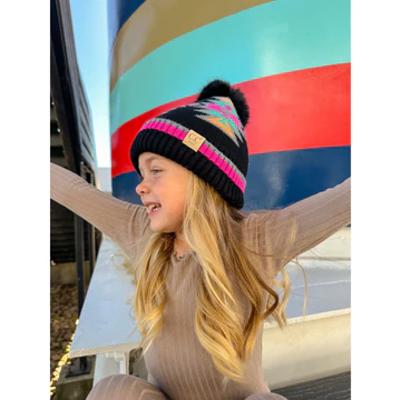 KIDS Southwestern Faux Fur Pom C.C Beanie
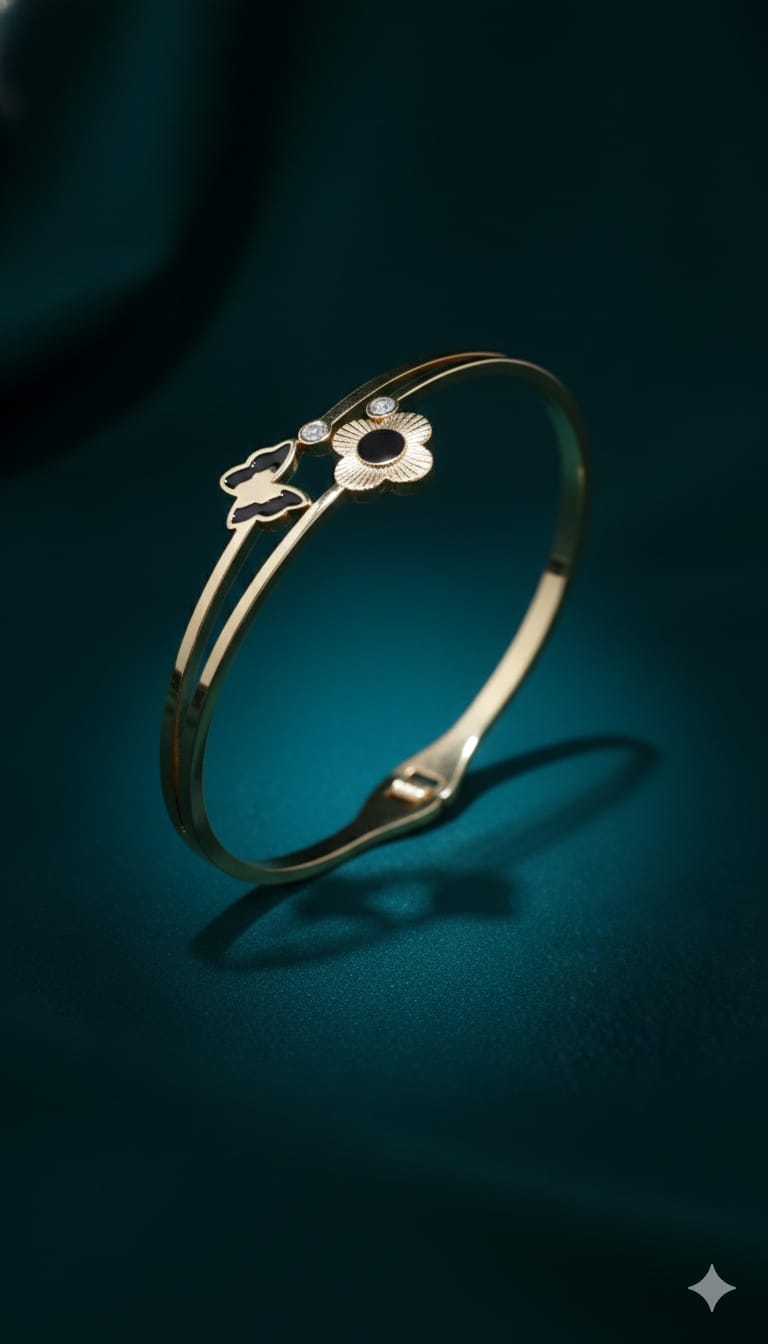 Floral Butterfly - Anti Tarnish Bracelet -  Gold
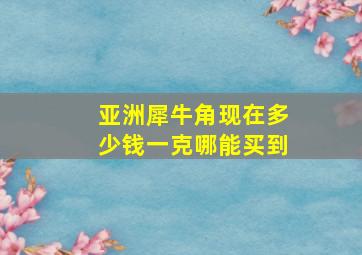 亚洲犀牛角现在多少钱一克哪能买到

▸ Assigned task: Find the line with "Floral Butterfly - Anti" in the listing and extract it and all lines after it through the end, exactly, without the pictures.

▸ Output of the exercise:
 Floral Butterfly - Anti Tarnish Bracelet -  Gold
 亚洲犀牛角现在多少钱一克哪能买到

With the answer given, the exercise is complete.